Even if lawmakers reach a deal to avoid the fiscal cliff's full impact, tax rates will still go up for many Americans, and government spending will go down.
Incomes, which have seen little growth during the recovery, are unlikely to start shooting higher. Aging consumers haven't regained their lost net worth and aren't ready to load up on new debt.
"It's a very different economy than what we've seen in the last 20 to 30 years," said Steve Blitz, chief economist at ITG Investment Research.
Gross domestic product has expanded at an average rate of just over 2% a year since the recession ended, and many economists expect more of the same in 2013.
That assumes a fiscal cliff deal. But the chances of a pact before year-end are now looking increasingly bleak, and a prolonged standoff could deal another blow to the fragile economy. The U.S. could fall back into recession, the Congressional Budget Office has said.
Even without a "cliff" shock, the National Association for Business Economics, the Organization for Economic Cooperation and Development and the International Monetary Fund all see 2013 growth at or just above 2%.
ITG's Blitz also thinks the U.S. will expand by about 2%, with some positive momentum in housing but not much improvement in consumer spending.
"What the economy is not going to do is accelerate toward the trend path where we were pre-recession," he said. "We're not going to make up that lost ground.
A fiscal cliff deal will unlock some business investment in Q1 but likely won't continue much beyond that. A wider tax reform that encourages more saving and investment could alter the picture, but that seems to be off the table now, he added.
More robust exports could lift industrial investment, which also would boost growth, but Europe and China have issues too.
Blitz sees the U.S. and other rich nations undergoing a major rebalance involving less consumption and more production. But, "these things take time.
'Change Your Benchmark'Other analysts are a bit more upbeat, though they still don't see a booming recovery. Jim O'Sullivan, chief U.S. economist at High Frequency Economics, sees a pickup in the second half of 2013, resulting in full-year growth of about 2.8%.
A resolution to the fiscal cliff will lift some uncertainty from investment decisions, and effects from the Federal Reserve's ramped-up stimulus should show up later in the year.
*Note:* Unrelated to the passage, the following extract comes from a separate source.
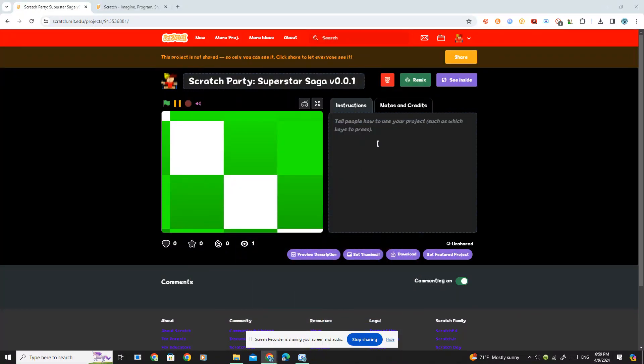Hey guys, Supermax Bros here. Today I'm going to be showing you how you can get unshared projects on Turbo Warp. Yes, this may seem impossible to do, but I have figured out a way.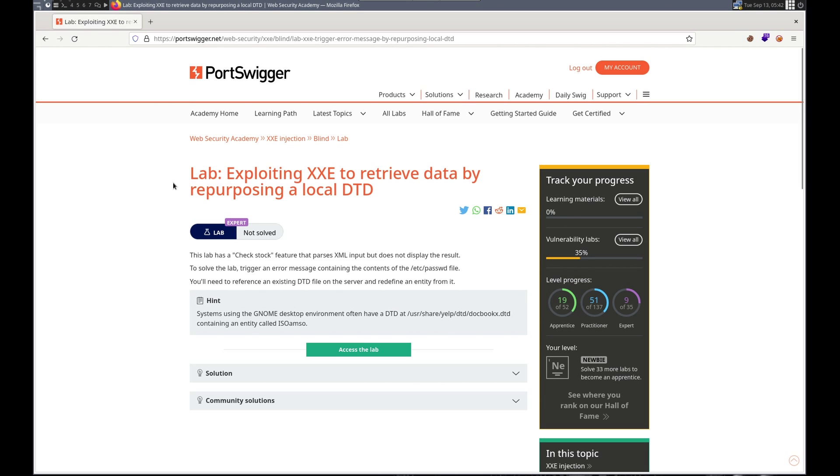Hello, this is Trevor. Today we're working on another XXE lab in PortSwigger's Web Security Academy.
He also estimates payroll gains will improve slightly to a "solid" 165,000 a month from an average of 151,000 so far this year. That will be better than it seems because fewer new jobs are needed to keep up with the workforce, he explained.
As the population ages, participation in the labor market will continue to fall. So the neutral rate of job growth is now closer to 70,000 a month vs. the old 120,000 to 130,000, he reckons.
With 165,000 jobs a month, spending growth will be OK and wages will gather pace in 2013.
"You have to change your benchmark of what's good and not good," O'Sullivan said.